As always with my ramblings, I am taking this story and seeing how I can apply it to my own life through Christ's example. His Blood wasn't a donation - if was a gift, a free gift. And he went willingly and put up with a lot more than a needle prick. If you hear advertisements for blood centers, you'll often hear how there is a blood shortage as well and so donors are needed more than ever. But with Jesus, there is no shortage of his mercy and grace - which we so desperately need - and are provided through the blood he shed. Just like people willingly line up to donate a pint of their blood for our troops, Jesus willingly went to the cross to offer up his life for us, so that we could gain eternal life through him.

Tuesday, August 7, 2012

Take Every Thought Captive

Have I mentioned I hate tests?? I don't mind them so much mid semester, but as the end of the semester sets in I really start to dread them. It gets so bad that I keep myself awake at night just thinking about all the studying I have to do. The last two nights have been anything but restful sleep. It is now affecting me dreadfully today. When my alarms went off, I mentally called out. But Here I am at my desk. And I cannot motivate myself to do any homework. That sad thing is, I know I am capable of doing well on these tests. But I can't get myself motivated. So last night, I was tossing and turning. I couldn't sleep. I even went to bed at 9PM. But 11:30 I was still up.
Sometimes when this happens, I fight through it and make myself relax. Other times I will turn on the light, pull out my bible and go over some verses I have written down. Here's one of them:

Hebrews 4:15-16
New International Version (NIV)

15 For we do not have a high priest who is unable to empathize with our weaknesses, but we have one who has been tempted in every way, just as we are —yet he did not sin. 16 Let us then approach God’s throne of grace with confidence, so that we may receive mercy and find grace to help us in our time of need.

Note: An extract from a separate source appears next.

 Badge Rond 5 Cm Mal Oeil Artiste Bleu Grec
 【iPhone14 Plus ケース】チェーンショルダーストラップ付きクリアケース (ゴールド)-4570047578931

I was thinking last night about this verse and then again this morning. And I wondered if Jesus had any sleepless nights. Then it struck me. Yes, if fact...he did. In the Garden of Gethsemane. How different my situation is from his. I am not going to my death on the cross (though sometimes it does feel like death by Calculus). I am not so anguished that I am sweating blood (though I sure am stressed about it). This morning's Jesus Calling was awesome too. It said that we shouldn't try to comprehend things outside our understanding. We're not made to do so. If we try, we will only realize our futility. We should instead, trust the One who is all knowing and comprehending. In doing so, we tap into the Peace which Passes all understanding. I wish I had remembered this last night. But I am only human and sometimes I cannot see past my problems.  I am thankful for trials like this. It reminds me that I cannot rely on my own strength. If I try to do so, I will find myself exhausted, frustrated and worn out - much like I am now. I wish it were easy to trust. That in a snap of my fingers, I would cast all my cares upon him. That requires me to let go, to ease up on the reigns. Be the strong willed individual that I am, it is hard. But in the end, it is so worth it. We just have to get past our own pride and insecurities before we can enjoy the blessings of letting go and letting God. :)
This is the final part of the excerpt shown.